Kendi kaynaklarımızla ürettiğimiz enerjiyi de dahil ettiğimizde Türkiye’nin toplam enerji maliyetinin 60 milyar Dolar civarında olduğunu vurgulayan Gökçe, “Ülkemizde sadece binaların enerji verimli hale getirilmesiyle (En az C sınıfı binalar) her yıl 9 milyar Dolar tasarruf elde etme potansiyelimiz var. Ayrıca Türkiye’nin gerçekleştirdiği toplam ithalatın içerisinde en büyük pay enerjiye ait. Enerji ithalatının dış ticarette yarattığı bir açık var. Dolayısıyla binalarda her yıl sağlanan 9 milyar Dolar tasarrufun, ülke ekonomisine ciddi bir katkısı olacaktır” dedi.

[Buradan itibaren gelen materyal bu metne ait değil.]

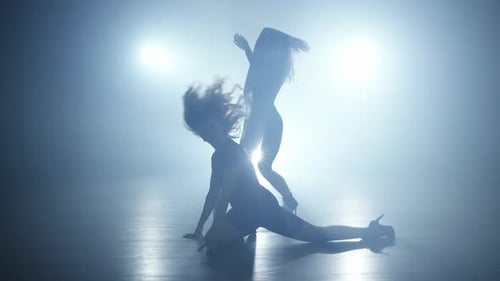 Two Dancers Performing Expressive Choreography on a Foggy Stage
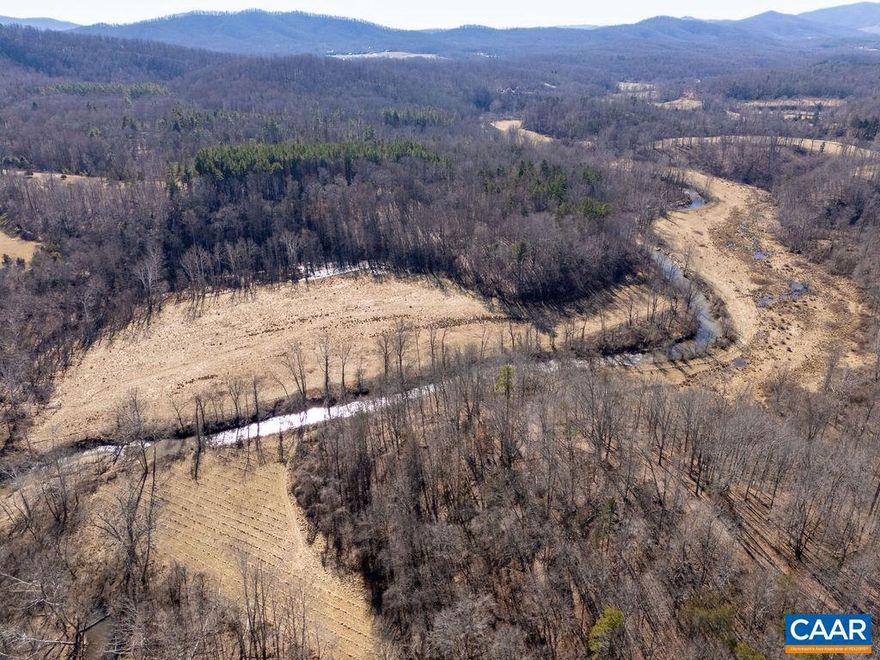 Idyllic 87 acre riverfront property with elevated building sites in Western Albemarle. Currently under preferred land use taxation, this noteworthy property has 13 theoretical division rights making it a possible candidate for conservation easement. A remarkable opportunity to build close to town while enjoying unrivaled privacy. Located between Ivy and Crozet just 5 minutes to shopping, 10 minutes to vineyards and breweries, 17 minutes to UVA, and 20 minutes to Downtown Mall. An oasis for nature lovers and outdoorsmen with forest, meadows, and over 3000 feet of frontage on the Mechums River. A rare opportunity to have this amount of acreage in such a coveted location with the potential for both water and mountain views.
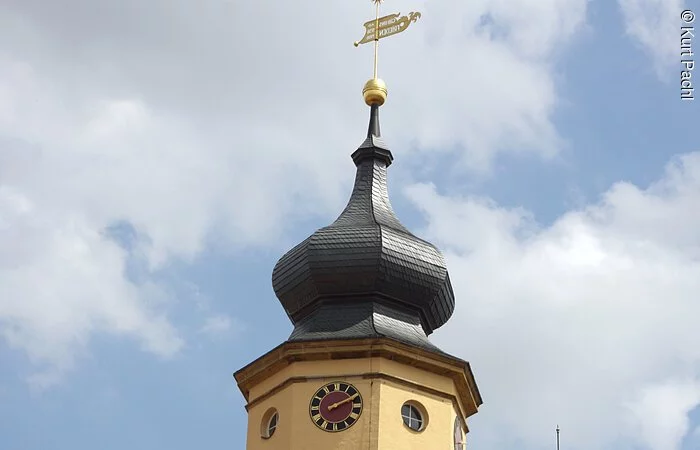 Gelbe Kirchenfarbe mit grauer Kirchturmspitze.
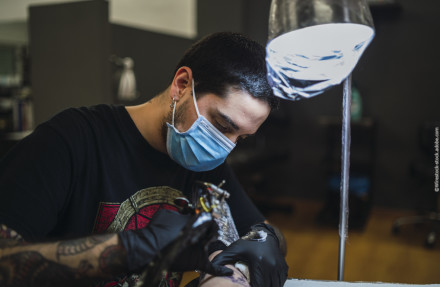 Ein Tätowierer mit schwarzem T-Shirt und Einweghandschuhen tätowiert den Arm einer Person. Er trägt eine blaue Gesichtsmaske und konzentriert sich auf seine Arbeit, während eine Lampe über ihm leuchtet.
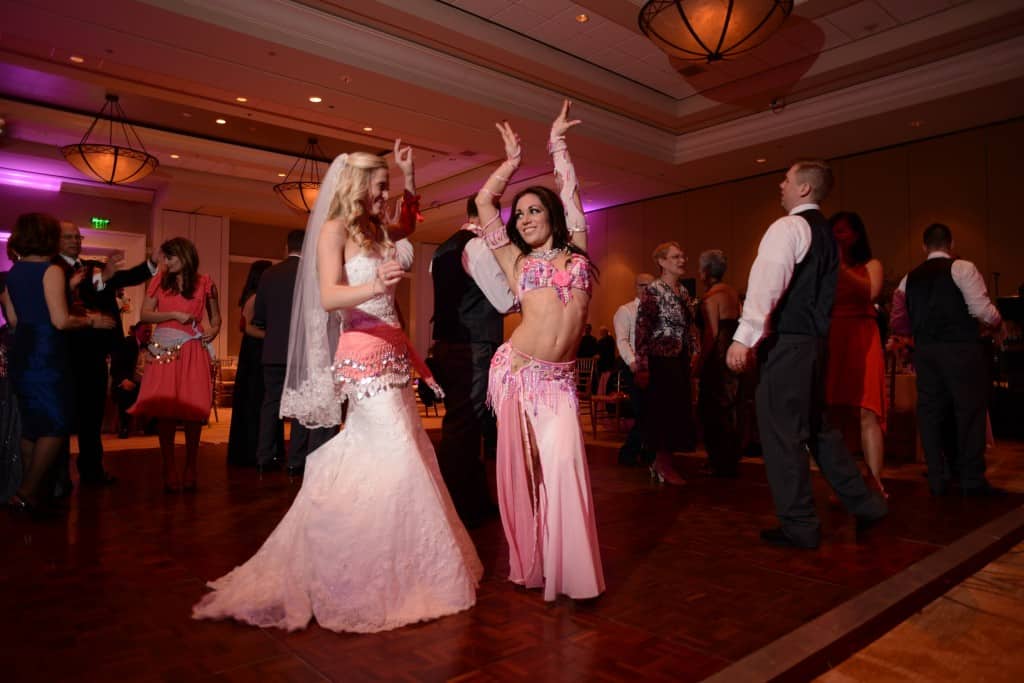 Carrara Nour, a belly dancer in Orlando, dances with the bride at a wedding at JW Marriott Grande Lakes, Orlando, FL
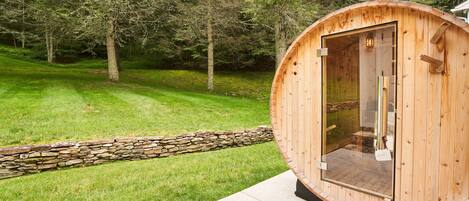 Un sauna en bois doté d’une porte en verre, installé sur une plateforme en béton avec un mur en pierre, dans un espace verdoyant entouré d’arbres.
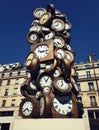 L`Heure de Tous monument, Art sculpture made of clocks at Saint-Lazare train station, Paris France. Popular tourist landmark as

Enerji verimliliği sağlamak için doğru malzeme ve uygulamanın önemli olduğuna dikkat çeken Gökçe, şu uyarılarda bulundu: “Yalıtım uygulamalarında arzu edilen performansı elde edebilmek için doğru kalınlıkta doğru malzemelerin doğru kişilerce uygulanması gereklidir. Bu anlamda vatandaşlarımıza İZODER’e üye üretici ve uygulayıcı firmalar ile çalışmalarını öneriyoruz. Vatandaşlarımız ürünlerde CE işareti, çalışanlarda ise (MYK) Mesleki Yeterlilik Belgesini mutlaka sorgulamalı, yönetmelik ve standartlara uygun doğru kalınlıkta malzemelerle yalıtım yapılmasına dikkat edilmelidir. Vatandaşlarımız ürünlerin mevzuatlara uygun kalınlıkları ile ilgili bilgi almak için İZODER’e başvurabilirler. Doğru yalıtım, binaya sağladığı tasarruf ve verimlilikle maliyetini geri ödemektedir. Doğru yalıtım, doğru yatırımdır.”